Through December 2022, the Consumer Price Index had increased on average approximately 6.5% annually for the twelve months then ended. The supply costs for manufacturers during this time were no different, with many companies scrambling to find ways to keep up with the aggressive price increases they were experiencing from vendors across most, if not all, industries. As a result, the cost to produce inventory has increased dramatically and is projected by most economists to continue through 2023.
Many manufacturers utilize a standard costing approach to valuing their inventory. Standard costing is generally based on the expected costs of material, labor, and overhead needed to produce inventory and is established by most companies at the start of the year. As we look into 2023 and beyond, it becomes increasingly more important for manufacturers to accurately capture these costs when determining their standard costs. Now, more than ever, it is important for management to assess the accuracy of its standard costs against actual and the need may arise to revisit certain standard costs sooner than usual if experiencing significant changes in actual versus expected costs.
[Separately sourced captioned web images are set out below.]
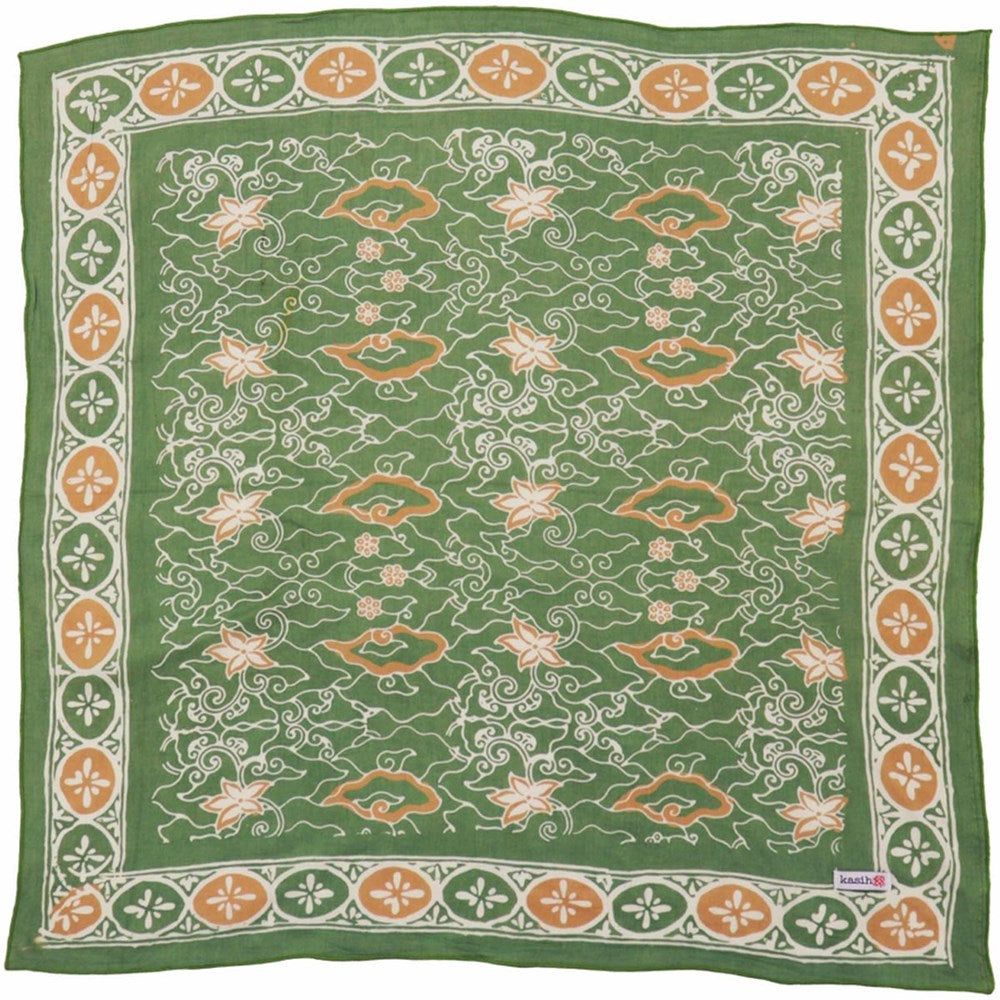 Hand Dyed Batik Bandana - Green/Gold
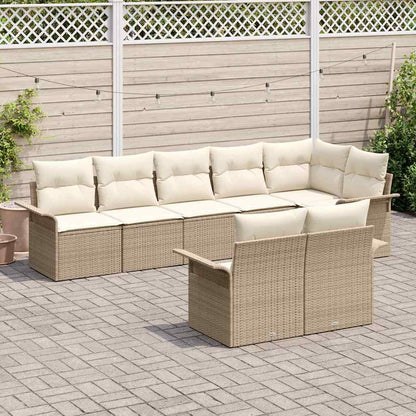 Set Divano da Giardino con archiviazione 8 pcs Beige polyrattan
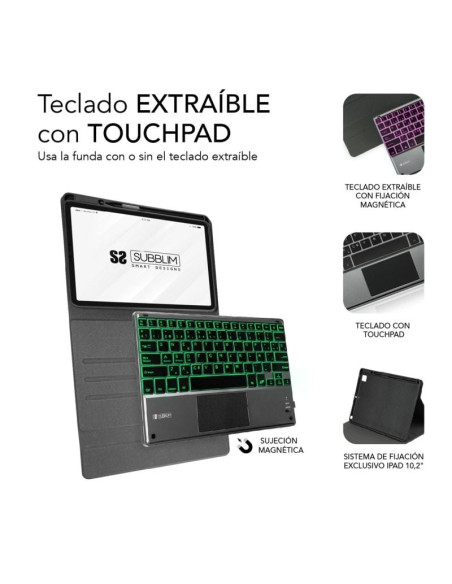 Funda con Teclado Subblim Keytab Pro Bluetooth Touchpad para Tablets Apple iPad Pro de 11" 2020/ Negra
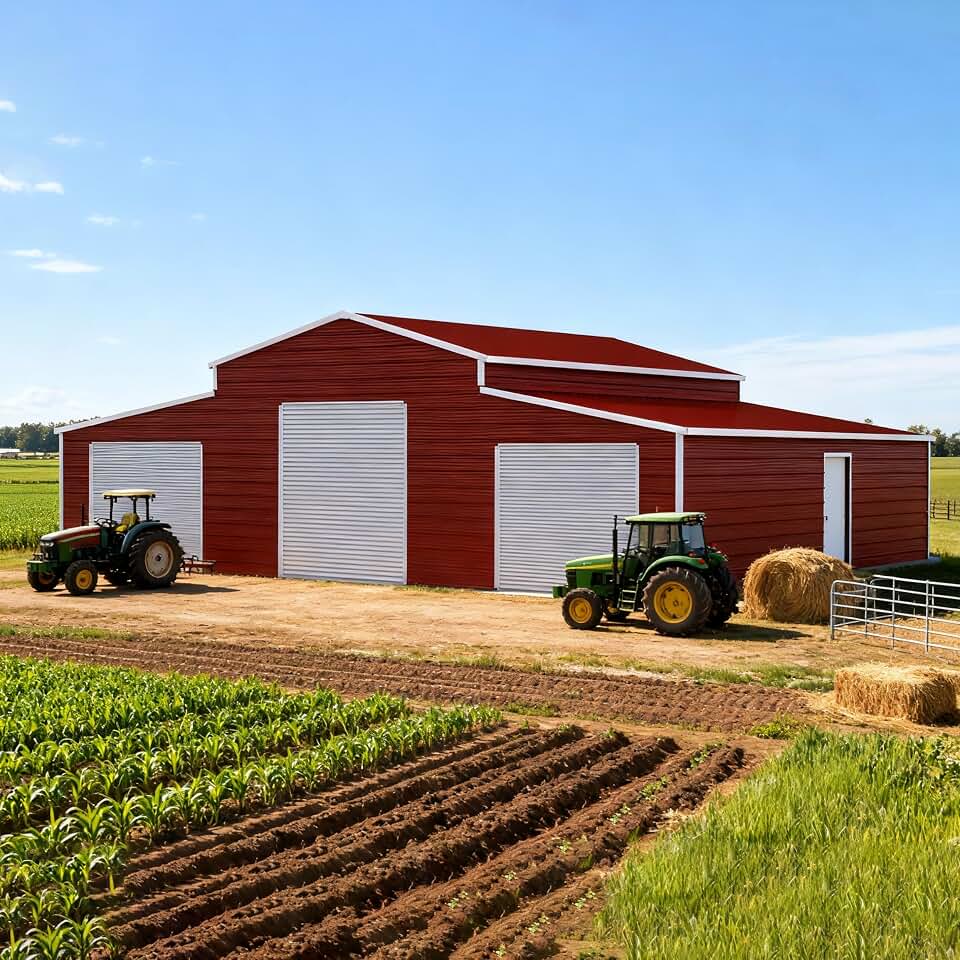 42x30x13 FT Heavy Duty Outdoor Storage Shed, Extra Large Metal carport with 3 Roller Shutter Doors and 1 Side Door, 1260 SQ.FT Tool Storage Sheds for Cars, Boats, Trucks, Galvanized Reinforcement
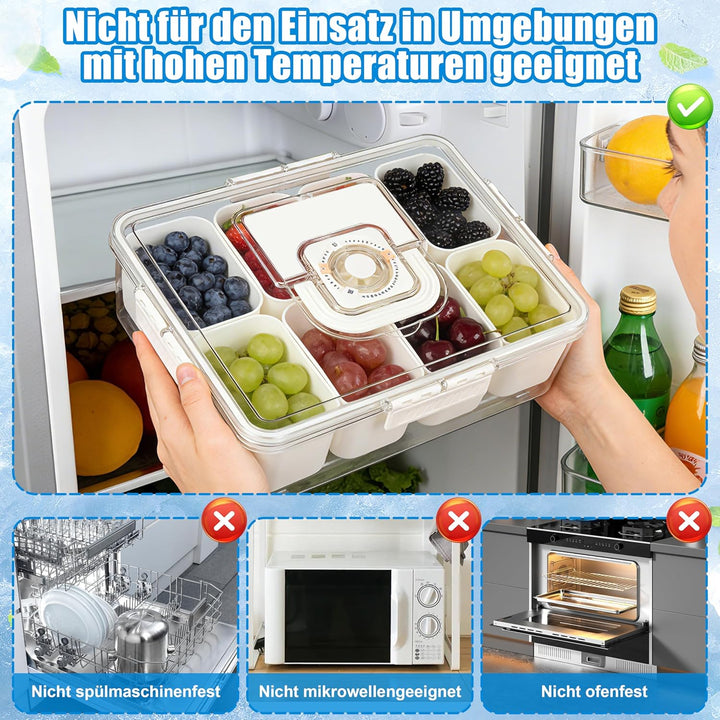 IEEILULU Snackbox mit 8 Fächern und Abtropfboden für Obst, Snacks, Saucen usw, Snackteller mit Fäche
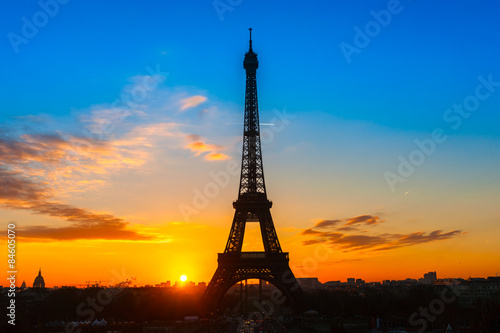 Eiffel tower at sunrise  Paris.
Management generally will make decisions using standard costing data when evaluating cost of goods sold, gross margin and gross margin percent. This could include determining which individual products and product lines are most profitable, which geographies the company is performing best, and which areas may not be performing as expected. Having accurate standard costing is pivotal to be able to assess this data and to appropriately make informed operational decisions on where to direct selling efforts to products and areas providing the most value.
Having accurate standard costs is also crucial in setting prices at which to sell products. It is an unprecedented time in the ability for companies to pass down costs by increasing prices. As the economy’s performance begins to wane, it will become more and more difficult to pass on these cost increases. Therefore, time is of the essence in understanding the actual costs of inventory, to be able to act quickly.
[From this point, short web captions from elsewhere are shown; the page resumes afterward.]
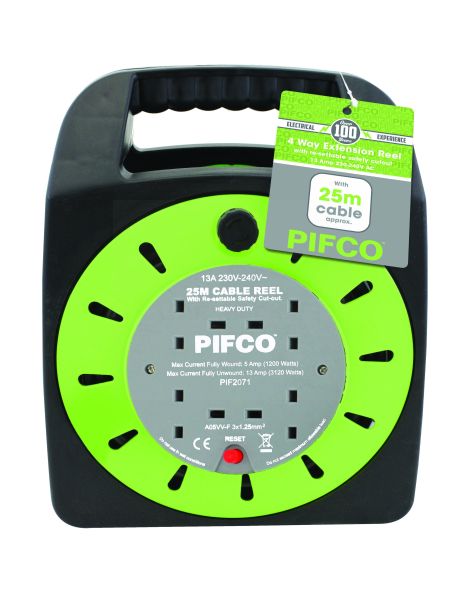 Pifco 4 Way Cassette Reel Extension Lead - 25 Metres
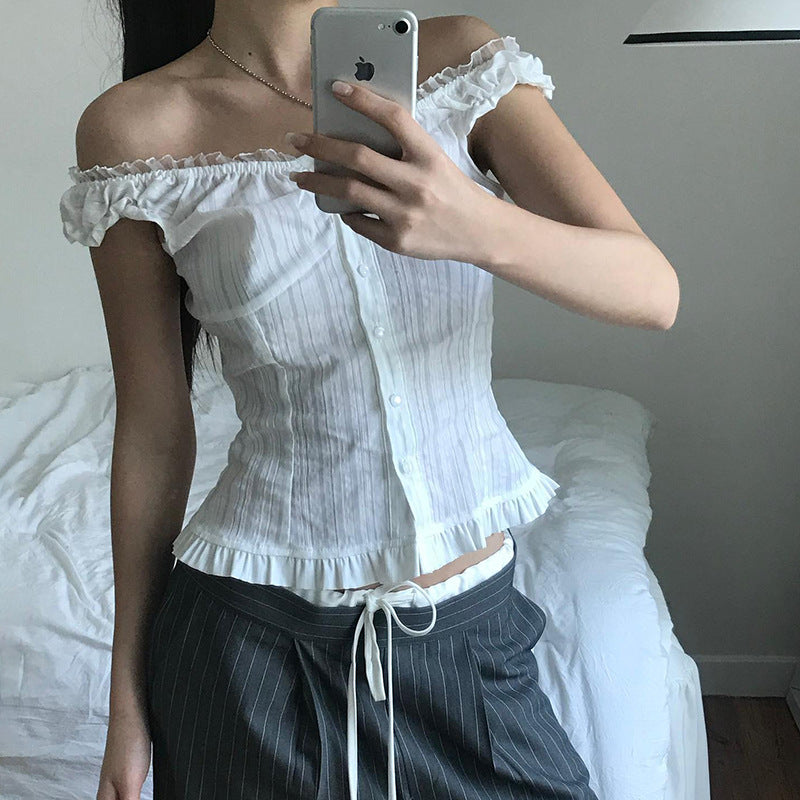 One Shoulder Solid Color Lace Stitching Button Down Tee
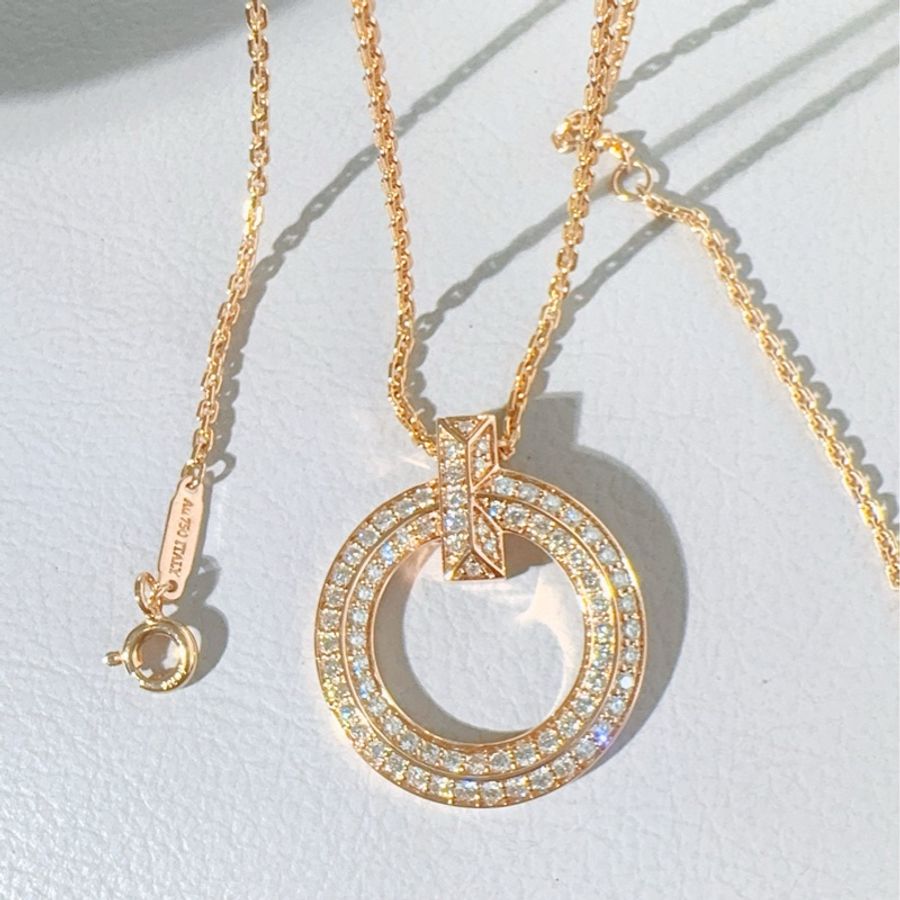 Tiffany蒂芙尼 T系列 T1 18K玫瑰金满钻圈形项链-5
An unpredictable, highly inflationary economy makes it difficult for even the most sophisticated budgeting process to get it right when setting standard costs. As such, companies should assess whether it is time to evaluate their standard costs on a more frequent basis than annually to make informed and accurate business decisions. It would be recommended for management to keep a close eye on purchase price variances, and labor/overhead variance on a month-to-month basis. If experiencing significant swings in these accounts, it may be indicative that a change to the standard is necessary.
As inflationary pressures begin to come down and the cost of supplies approach normal levels, companies can relax the level of scrutiny placed on this process. However, constant vigilance during these uncertain times is not only warranted but essential to ensuring management makes knowledgeable decisions in managing prices, product strategy and inventory maintenance.